The lowest epithelial PTEN immunoreactivity (mean H-score 65.7) was detected in EC and the differences were significant compared with postmenopausal (p<0.001) and premenopausal (p=0.006) EPs and atrophic endometria (p<0.001) (Figure 2, Table I). The mean epithelial and stromal PTEN H-score in postmenopausal benign EPs (193.8 and 123.2, respectively) was significantly higher than in atrophic endometrium (135.5 and 90.2, p=0.008), and premenopausal benign EPs (100.7 and 198.7, p<0.001), however, a significant difference between postmenopausal EPs and EC was noticed only in the epithelial compartment (193.8 versus 65.7, respectively, p<0.001) with no difference between stromal components (Table I).

When benign EPs were found in association with EC, epithelial PTEN expression was significantly lower in the cancer tissue, than in the polyp, at 76.8 versus 138.9; p=0.005 (Figure 3).
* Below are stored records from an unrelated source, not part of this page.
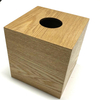 Hölzerne Quadrat -Taschentuchbox 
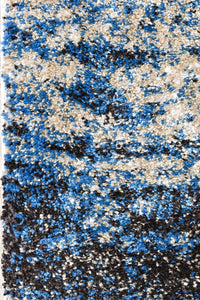 Lagos 651 White Blue Rug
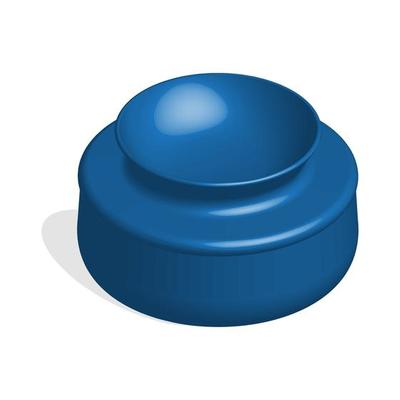 3d aesthetic unique design utensil on a white background. Realistic plate, bowl, deep pot, cup, glass.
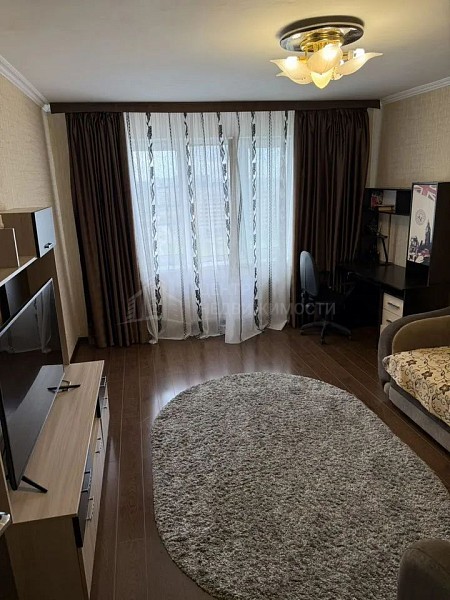 1-к квартира, 38 кв.м.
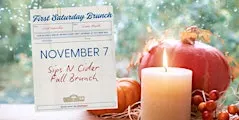 Saturday Brunch | Sips N Ciders: Fall Brunch
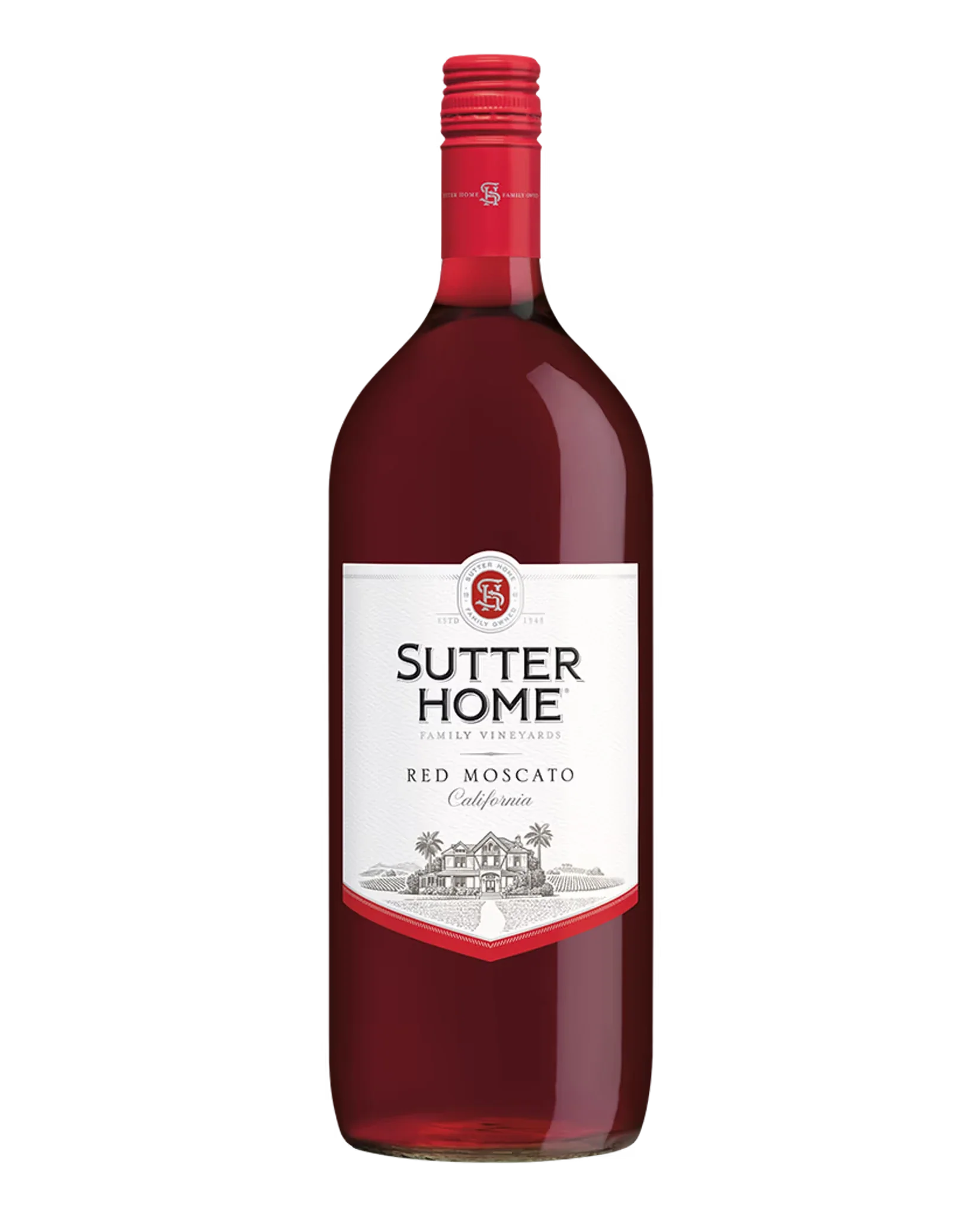 Sutter Home Red Moscato 1.5L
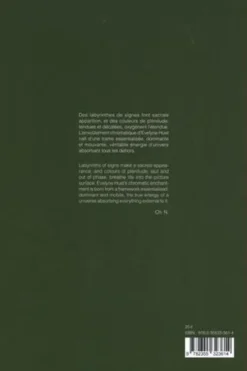 Evelyne Huet. Visages d'immensité, Edition bilingue français-anglais, Christian Noorbergen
The group of EPs with foci of EC revealed a statistically significantly higher PTEN level in the polyp tissue itself compared with the EC focus, with overall H-scores of PTEN in epithelial and stromal components at 107.4 and 118.4 versus 48.1 and 68.8, respectively, p<0.05 (Table I, Figure 3).

Interestingly, the tissue of malignant polyps (including polyp tissue of cases where polyp was found with coexisting EC or had EC focus inside) in the epithelial compartment showed high tumor suppression (126.7), which had insignificant difference from the atrophic endometrium (135.5, p=0.543) or premenopausal polyps (100.7, p=0.089), and was significantly lower than that in benign postmenopausal polyps (193.8, p<0.0001) and higher compared with EC (65.7, p<0.0001).

Discussion

Asymptomatic postmenopausal endometrial polyps are a frequently reported incidental finding. Data concerning the malignization potential of asymptomatic postmenopausal EPs, however, remain unclear and sparse. This study was conducted to pursue evidence whether asymptomatic postmenopausal EPs show any early and the most common carcinogenetic alteration characteristic to endometrial cancer precursors. To the best of the authors' knowledge, in this article, we report the largest series of IHC of asymptomatic benign postmenopausal EPs and the first IHC investigation of malignant EPs.

Figure 1.
Figure 1.

PTEN over the spectrum of endometrium lesions. A: A case of endometrial cancer showing PTEN-null glands and PTEN positive stroma. B: A case of postmenopausal benign polyp showing PTEN positive glands and stroma. C: A case of atrophic endometrium showing PTEN positive glands and heterogeneous stroma. D: A case of premenopausal benign polyp showing PTEN positive glands and stroma. Original magnification ×10 (A, B, C, D).

Figure 2.
Figure 2.

Differential expression of PTEN over the spectrum of endometrium lesions. *p<0.05.

View this table:
Table I.

Mean values of H score for PTEN in different endometrial lesions.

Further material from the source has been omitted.